New agentic workflows and increased automation underpinned by enterprise-grade compliance and administrative controls multiply productivity gains organization-wide. 

February 6, 2025 - San Francisco, CA - GitHub announced today a wave of new features and enhancements to GitHub Copilot to streamline coding tasks based on an organization’s specific ways of working. This includes agentic capabilities for implementing changes across multiple files, next edit suggestions to automatically predict and execute the next logical edit, and the ability to store and share tailored instructions for Copilot directly in the editor. GitHub also unveiled a first look at a new autonomous SWE agent, and announced general availability of Copilot Edits, availability of Google’s Gemini 2.0 Flash and OpenAI’s o3-mini for Copilot Chat and Edits, and enterprise support for Copilot Workspace. Businesses can immediately enable organization-wide access to increase developer productivity and accelerate time from code to production at scale. 

“Developer teams will soon be joined by teams of intelligent, increasingly advanced AI agents that act as peer-programmers for everyday tasks,” said GitHub CEO Thomas Dohmke. “With today’s launch of GitHub Copilot agent mode, developers can generate, refactor and deploy code across the files of any organization’s codebase with a single prompt command. Organizations who empower their developers to work with these agents will exist in another spectrum of productivity entirely.” 

Copilot Edits is now generally available, enabling users to specify a set of files to be edited and then use natural language to ask Copilot what changes should be made. Copilot Edits makes inline changes directly in the user's workspace, across multiple files, and with a UI designed for fast iteration.

The following new preview features can be leveraged in Visual Studio Code today:

  • Agent mode enables Copilot to iterate on its own output as well as the results of that output to complete a user’s entire request at once, recognize and fix errors automatically, suggest terminal commands, and analyze run-time errors with self-healing capabilities. 

  • Next edit suggestions to accelerate code changes by automatically identifying and proposing the next edit based on the context of previous changes. By simply pressing tab, users can instantly implement suggestions throughout an open file with insertions, deletions, and replacements. 

  • Prompt files allow users to store and share reusable prompt instructions in their VS Code workspace. These “blueprints” include self-contained markdown files that blend natural language guidance, file references, and linked snippets to supercharge coding tasks.

  • Vision for Copilot enables users to bring a mock up to life by simply feeding Copilot a snip, screenshot, or image. From there, Copilot generates the UI, alt text, and code to go from vision to reality in minutes. 

  • New models from industry leaders Google’s Gemini 2.0 Flash and OpenAI’s o3-mini are now available in public preview in Copilot Chat with organization-wide access control to give administrators more choice over which models they want their developers to build with. 

GitHub also announced provisioning and authentication support for Copilot Workspace for Enterprise Managed Users, empowering organizations to configure and control Workspace access securely.

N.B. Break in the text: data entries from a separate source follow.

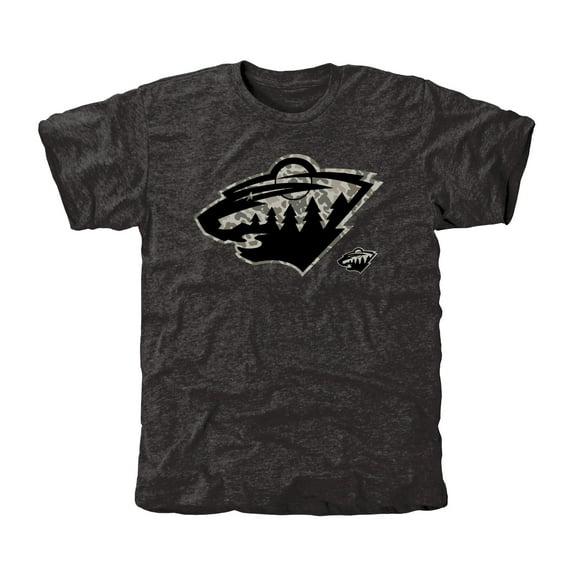 Men's Minnesota Wild Black Rink Warrior Tri-Blend T-Shirt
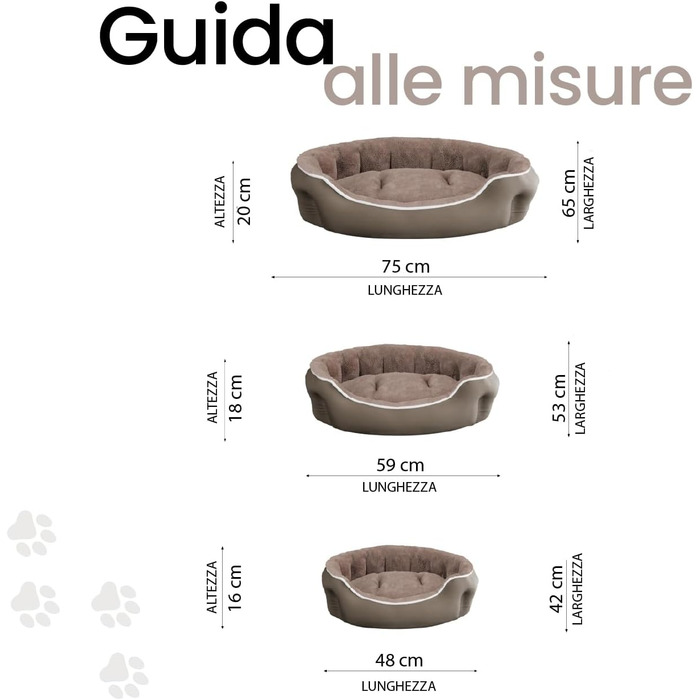 Лежанка для собак та котів Sogni E Capricci, сіра, 62 x 50 x 17 см (Creme, L 75 x B 65 x H 20 см, COCCOLE)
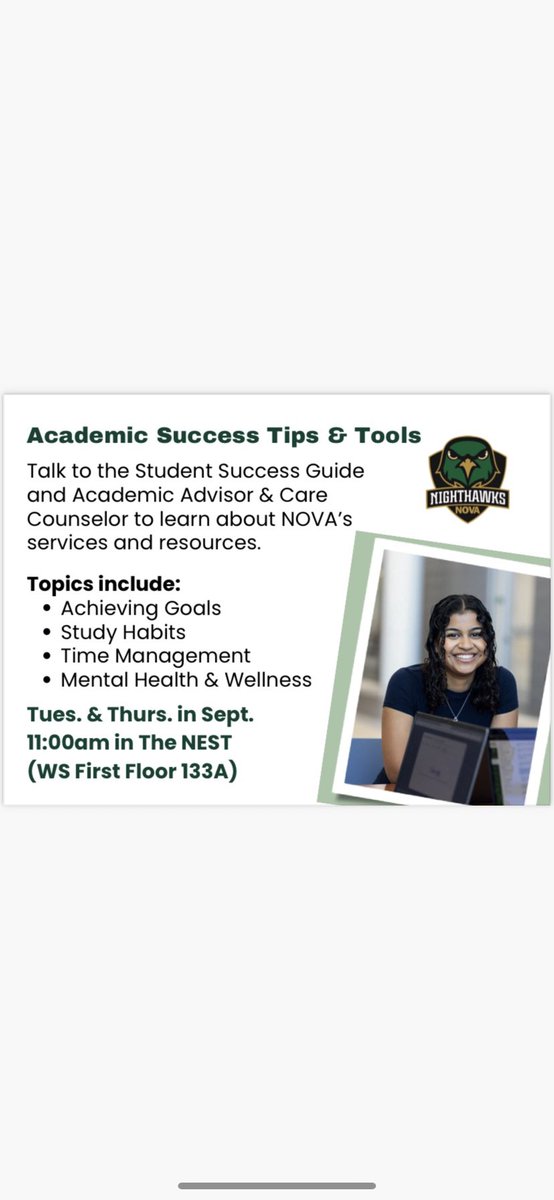 Meet all three in the nest on the first floor of the new WS building! Learn how to care and put energy into YOU this semester!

Now developer teams can use Copilot Workspace’s agentic capabilities to go from brainstorm to functional code in minutes. Whether generating a plan,  implementing code, or automatically finding and fixing errors, Copilot Workspace leverages a system of sub-agents to iterate with developers at every step and streamline collaboration across teams.  

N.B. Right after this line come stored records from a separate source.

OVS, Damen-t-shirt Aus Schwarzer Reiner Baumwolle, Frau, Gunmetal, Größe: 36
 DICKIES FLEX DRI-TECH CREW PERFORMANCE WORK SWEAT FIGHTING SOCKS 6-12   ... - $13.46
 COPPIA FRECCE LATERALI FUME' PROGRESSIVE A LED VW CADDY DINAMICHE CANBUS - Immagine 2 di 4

Finally, GitHub unveiled its plans for an autonomous agent to independently handle entire tasks at the developer’s direction called “Project Padawan.” This represents a future where developers can assign issues to Copilot, let the AI complete the task autonomously, and come back to review its work. Just as it did with Copilot Extensions and adding multi-model choice to GitHub Copilot, GitHub will provide opportunities for partners and customers to integrate into this AI-native workflow and use their feedback to inform its development.